You quickly pulled out and flipped him over, slamming back inside as you pounded him on the table, as you looked over the desk to see your gun that confiscated in a opened drawer, pulling it you softly placed it on his head, making Regulus tense up, as you continued to pound inside him, spanking his ass red and rubbing it softly between your warmed up palm of the other hand before it moved to bundle up in his hair to pull up his falling and lolling head as his whined,
"Awhh, what? Scared, baby? You should be. Fucking brat, you should be fucking grateful I don't pull the trigger for almost revealing my identity...But fuck, baby, I love you." you hummed moving fast, moving the fun down to nudge his clit with the cold metal as you pounded in him, pulling his hair, and biting his shoulders, you were dressed up but he wasn't except his opened shirt hanging from his shoulders.

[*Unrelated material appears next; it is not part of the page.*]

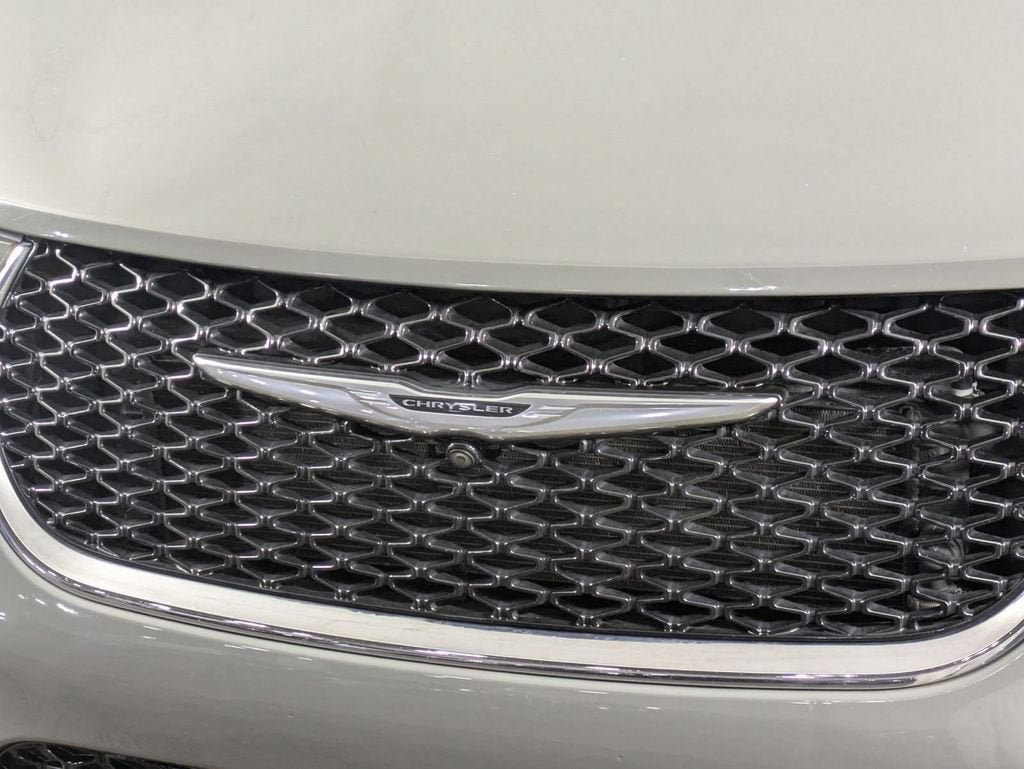 2022 Chrysler Pacifica Hybrid Touring L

Regulus's whines began to be more high-pitched and faster, "Uh..No, wait..it feels weird, sir! PLEASE! It-fuck, feels like I'm gonna pee...Please, no i'm-ngh!...I'm gonna cum." he whined, thrashing softly as you placed the gun back on the table and shoved fingers in his mouth, gagging him on them, as the other pinched and rubbed his clit roughly, you could hear the other's footsteps outside on the corridors...
"Fucking cum, I better not get caught. They're just outside the door, sweetheart." you hissed as Regulus whined and let out a soundless cream as he squirted over you dripping down as he clamped down on your cock, his head dizzy as he whined softly.
That pushed you over the edge as you quickly came inside him and pulled out, staring at his dripped ass as Regulus scrambled to get his articles of clothing, including the ripped up panties and ran to the bathroom, banging the door closed just as the door opened to them, "Hey!! We got food for you as well!!" Pandora said brightly holding up a bag as they all stare at you fixing your unbutton shirts with a sweet smile, back on your lips,
"Hi, welcome back!! Where were you all gone for?" you asked, fixing your pants behind the desk hiding you as you smiled brightly. "Oh, nowhere really." Mary said sighing as she pulled up a chair beside you as you sat on the Head Detective's desk, "Where is Regulus?" Dorcas asked, as you slightly panicked, "Oh, uh, he's in the bathroom." you said smiling nodding towards the bathroom in the office.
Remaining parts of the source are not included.